1998年、大規模な白化現象に見舞われた沖縄・久米島のサンゴ(左)と、2カ月後に訪れた時の様子(右)。サンゴは残らず死滅していた (撮影 中村征夫)

 そんな中、私たち一人一人にもできることはあるはずだと、中村さんは語る。
「今は家庭から出る生活排水が、海を汚す大きな要因になっている。家で揚げ物をつくった時、油をそのまま流さないなど、それぞれの人ができることを今日から始めることが大切だと思います。自然界は本当に正直で、その姿を通して私たちにメッセージを伝えてくれる。私たちが変われば、魚たちが集まる生き生きとしたサンゴ礁が戻ってくるはずです」

 3年前、中村さんを驚かせる出来事があった。かつての一斉開発で荒れ果てた沖縄中部の海に、サンゴが戻ったという報せが届いたのだ。
「半信半疑で潜ったら、若い小さなテーブルサンゴがびっしりと育っていた。昔の美しい海はもう戻ってこないと思っていたから、思わず涙ぐみました。サンゴのけなげな生命力を感じました」(中村さん)

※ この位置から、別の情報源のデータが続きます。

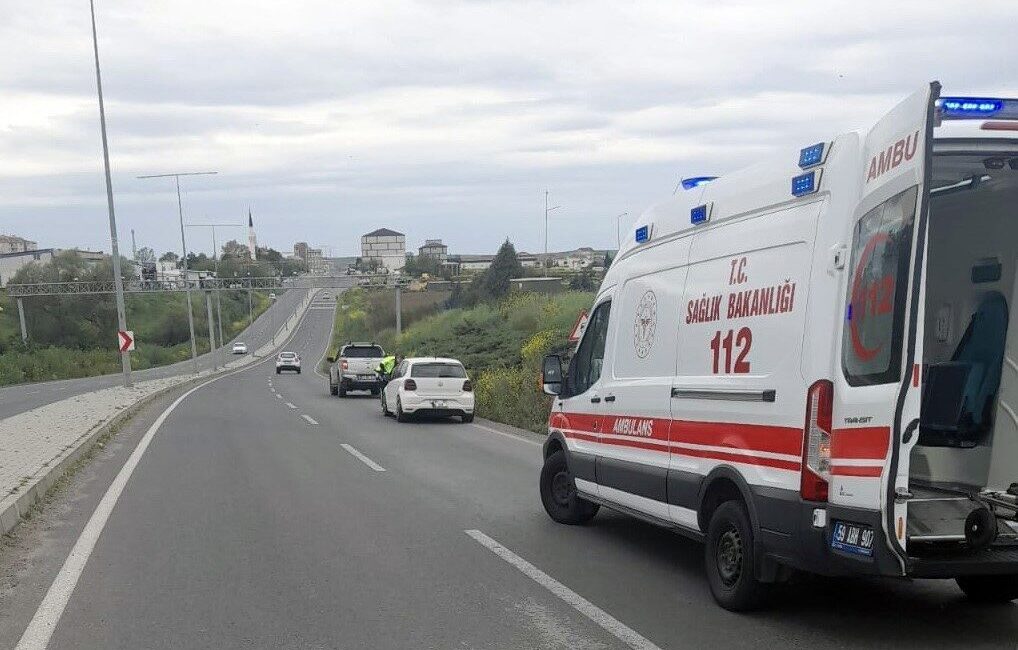 Muratlı ilçesinde meydana gelen bir trafik kazasında, bir yayaya otomobil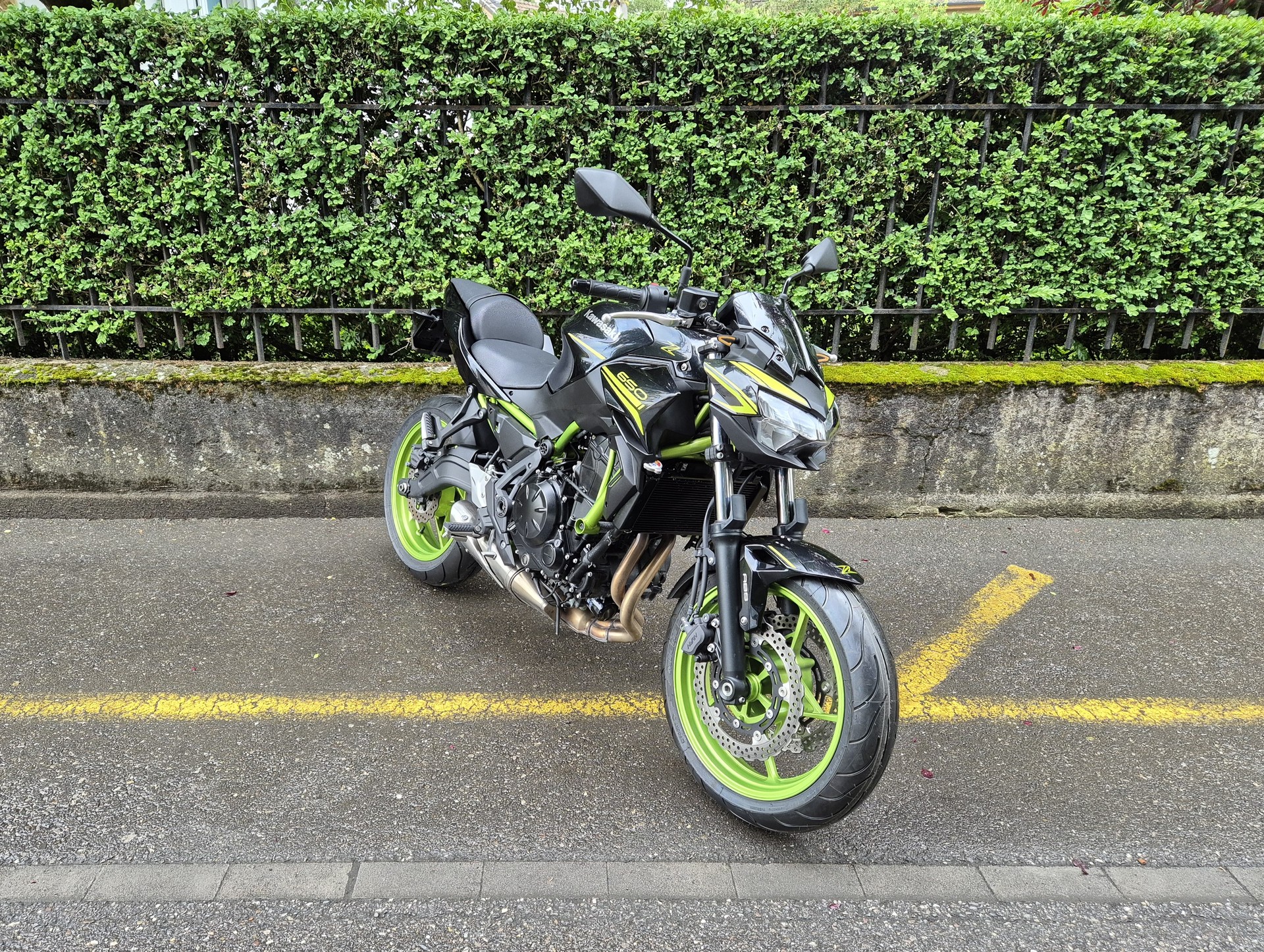 KAWASAKI Z 650-image-5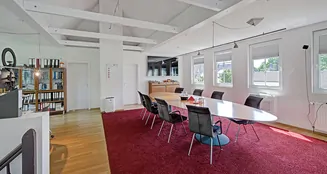 von_poll_real_estate_property_25034031z_image_14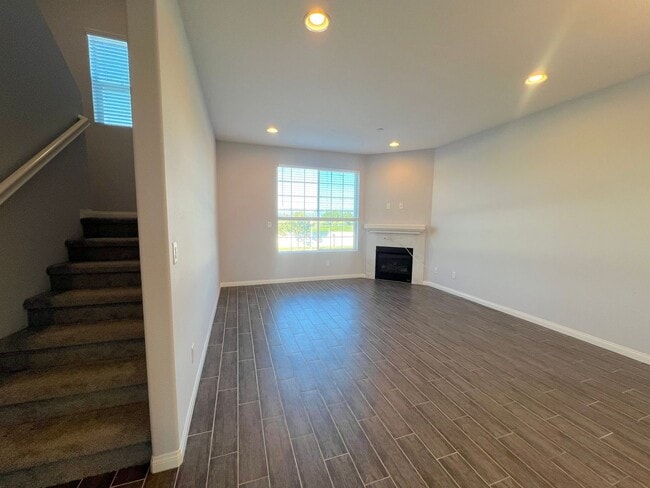 Photo - 4 Bedroom townhome available now in Cypress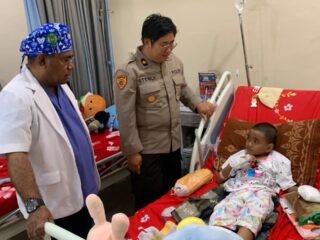Polda Papua Beri Pendampingan dan Fasilitasi Pemulangan Korban Anak-Anak Kerusuhan Yalimo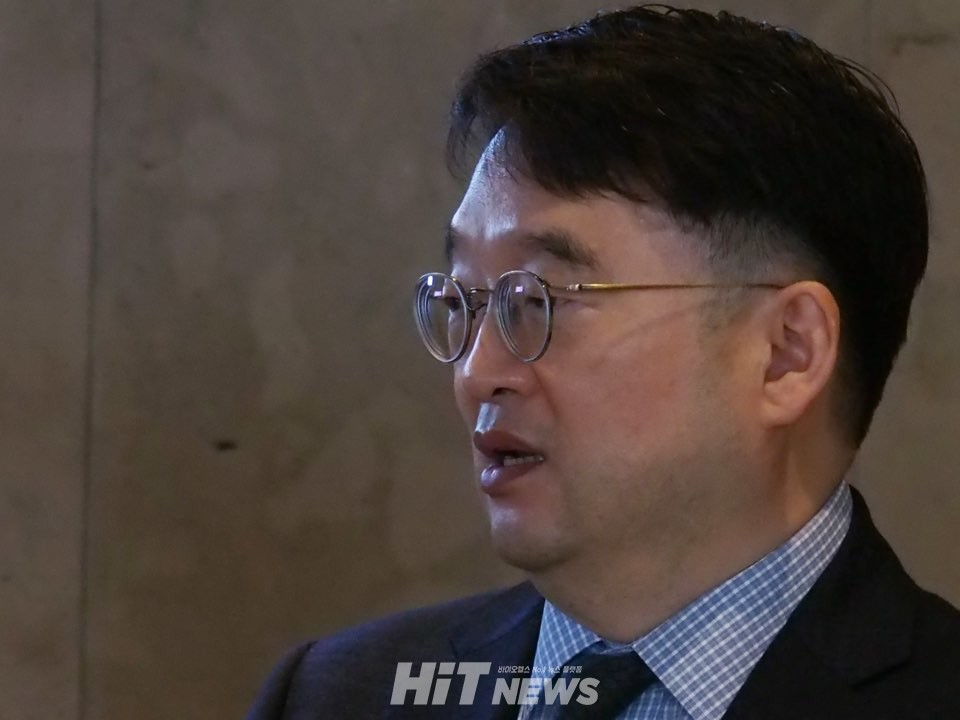 3. 이우현 OCI홀딩스 회장이 총회장 진입 전 입장을 전하고 있다. 이우현 회장은 늦어진 점을 사과하며 ‘이번 총회 결과를 지켜보겠다’고만 답했다.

 多くの命をはぐくむ美しいサンゴ礁の海に、10年後、100年後も潜ることができるのか。私たちの対応が試されている。

沖縄中部の海には、若いテーブルサンゴがよみがえっていた(撮影 中村征夫)

PROFILE

水中写真家
中村征夫さん

なかむら・いくお/1945年、秋田県生まれ。19歳のときに独学で水中写真の撮影を始め、国内外の海や環境をテーマに取材。88年にルポルタージュ「全・東京湾」と写真集「海中顔面博覧会」で木村伊兵衛写真賞を受賞した。ライフワークである東京湾の継続撮影など社会性のあるテーマに取り組む。2009年、秋田県潟上市にフォトギャラリー「ブルーホール」を開設。